Opened 16 years ago

Closed 11 years ago

Last modified 9 years ago

#144 closed defect (fixed)

Treeing for protein partial sequence

Reported by: guest Owned by: westram
Priority: normal Milestone:
Component: ARB_PARSIMONY Version: SVN
Keywords: arb6.0-hotfix Cc: syan@…

Description

Hello,

I have a database for a protein based on nucleotide sequences and translated to aa. Around half of the sequences are full-length and half are partial, and the partials are in the similar range of columns.

I want to first create an aa full-length tree, then add partial sequences use "ARB parsimony (quick add marked)" with the full-length filter. Then I find that nearly all the partial sequences are grouped together instead of with their full-length relatives.

However, if I do the same full-length tree using nucleotide sequences, and add partial sequences using full-length nucleotide filter (just as what I do for 16S), the result is reasonable: all the partial sequences stands in where they should be.

My guess for the reason: in nucleotide treeing, ARB omit the dots "." (which is wanted), while for aa treeing, ARB treat dots as gaps, which caused clustering of partial sequences.

In the sample file (I haven't tried to attach it yet, if not working, I can send you), the marked sequences are the partial sequences, and 4 trees are inside.

Thanks, Yan Shi (syan@…)

Attachments (2)

soxB20081124test.arb (293.3 KB) - added by guest 16 years ago.
soxB showing arb add marked parsimony tree for aa sequence
soxB20081124test_add_partial.arb (305.2 KB) - added by westram 11 years ago.

Download all attachments as: .zip

Change History (7)

Changed 16 years ago by guest

soxB showing arb add marked parsimony tree for aa sequence

comment:1 Changed 11 years ago by westram

  • Owner changed from devel to westram
  • Status changed from new to accepted

comment:2 Changed 11 years ago by westram

  • Status changed from accepted to _started

comment:3 in reply to: ↑ description Changed 11 years ago by westram

I want to first create an aa full-length tree, then add partial sequences use "ARB parsimony (quick add marked)" with the full-length filter. Then I find that nearly all the partial sequences are grouped together instead of with their full-length relatives.
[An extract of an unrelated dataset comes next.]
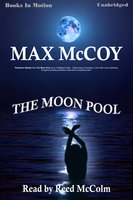 The Moon Pool - Max McCoy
However, if I do the same full-length tree using nucleotide sequences, and add partial sequences using full-length nucleotide filter (just as what I do for 16S), the result is reasonable: all the partial sequences stands in where they should be.

ARB provides a special function (in ARB_PARSIMONY) to add "partial sequences" which

  • does ignore gap penalties and
  • detects best matching full sequence for each partial sequence

Using this function on your AA alignment results in reasonable placement of partial sequences. See new trees and their comments in upcoming attachment..

Changed 11 years ago by westram

comment:4 in reply to: ↑ description Changed 11 years ago by westram

  • Component changed from !NoIdea to ARB_PARSIMONY
  • Resolution set to fixed
  • Status changed from _started to closed
  • Version set to SVN

by [12490].

My guess for the reason: in nucleotide treeing, ARB omit the dots "." (which is wanted), while for aa treeing, ARB treat dots as gaps, which caused clustering of partial sequences.

Your guess was correct, ARB treated dots

  • as gaps in protein-reconstruction and
  • as 'N's in nucleotide-reconstruction

Now treats dots as 'X's.

comment:5 Changed 9 years ago by westram

  • Keywords arb6.0-hotfix added

mark arb6.0.x hotfixes

Note: See TracTickets for help on using tickets.